C struct size alignment

The size of a C struct will depend on the members of the struct, their types and how many of them there are. There is really no standard way to force the compiler to make structs to be a multiple of some size. Some compilers provide a pragma that will allow you to set the alignment boundary however that is really a different thing. And there may be some that would have such a setting or provide such a pragma.

However if you insist on this one method would be to do memory allocation of the struct and to force the memory allocation to round up to the next 16 byte size.

So if you had a struct like this.

struct _simpleStruct {
   int iValueA;
   int iValueB;
};

Then you could do something like the following.

{
    struct _simpleStruct *pStruct = 0;
    pStruct = malloc ((sizeof(*pStruct)/16 + 1)*16);
    // use the pStruct for whatever
    free(pStruct);
}

What this would do is to push the size up to the next 16 byte size so far as you were concerned. However what the memory allocator does may or may not be to give you a block that is actually that size. The block of memory may actually be larger than your request.

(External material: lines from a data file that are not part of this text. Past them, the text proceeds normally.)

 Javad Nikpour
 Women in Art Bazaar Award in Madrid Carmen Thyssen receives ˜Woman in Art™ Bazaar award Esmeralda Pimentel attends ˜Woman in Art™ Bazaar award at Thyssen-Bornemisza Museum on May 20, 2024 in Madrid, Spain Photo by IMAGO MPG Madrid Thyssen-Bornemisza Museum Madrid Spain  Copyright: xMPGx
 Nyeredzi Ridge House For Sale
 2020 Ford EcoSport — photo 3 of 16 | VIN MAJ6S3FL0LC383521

If you are going to do something special with this, for instance lets say that you are going to write this struct to a file and you want to know the block size then you would have to do the same calculation used in the malloc() rather than using the sizeof() operator to calculate the size of the struct.

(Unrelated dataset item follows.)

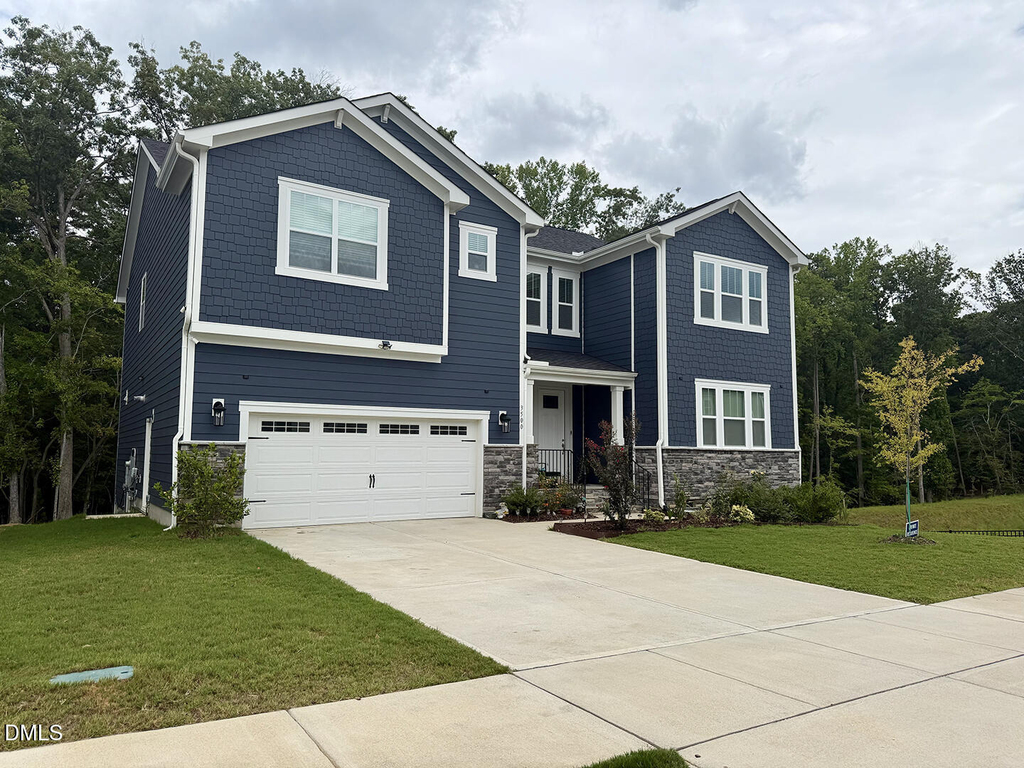 3500 Lebrun Path - Photo 1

So the next thing would be to write your own sizeof() operator using a macro such as.

#define SIZEOF16(x) ((sizeof(x)/16 + 1) * 16)

As far as I know there is no dependable method for pulling the size of an allocated block from a pointer. Normally a pointer will have a memory allocation block that is used by the memory heap management functions that will contain various memory management information such as the allocated block size which may actually be larger than the requested amount of memory. However the format for this block and where it is located relative to the actual memory address provided will depend on the C compiler's run time.


You could perhaps do a double struct, wrapping your actual struct in a second one that can add padding:

struct payload {
  int a;    /*Your actual fields. */
  float b;
  char c;
  double d;
};

struct payload_padded {
  struct payload p;
  char   padding[16 * ((sizeof (struct payload) + 15) / 16)];
};

Then you can work with the padded struct:

struct payload_padded a;

a.p.d = 43.3;

Of course, you can make use of the fact that the first member of a structure starts 0 bytes from where the structure starts, and treat a pointer to struct payload_padded as if it's a pointer to a struct payload (because it is):

float d_plus_2(const struct payload *p)
{
  return p->d + 2;
}

/* ... */

struct payload_padded b;
const double dp2 = d_plus_2((struct payload *) &b);

This depends entirely on the compiler and other tools since alignment is not specified that deeply in the ISO C standard (it specifies that alignment may happen at the compilers behest but does not go into detail as to how to enforce it).

You'll need to look into the implementation-specific stuff for your compiler toolchain. It may provide a #pragma pack (or align or some other thing) that you can add to your structure defininition.

It may also provide this as a language extension. For example, gcc allows you to add attributes to a definition, one of which controls alignment:

struct mystruct { int val[7]; } __attribute__ ((aligned (16)));

For Microsoft Visual C++:

#pragma pack(push, 16)

struct _some_struct
{
     ...
}

#pragma pack(pop)

For GCC:

struct _some_struct { ... } __attribute__ ((aligned (16)));

Example:

#include <stdio.h>

struct test_t {
    int x;
    int y;
} __attribute__((aligned(16)));

int main()
{
    printf("%lu\n", sizeof(struct test_t));
    return 0;
}

compiled with gcc -o main main.c will output 16. The same goes for other compilers.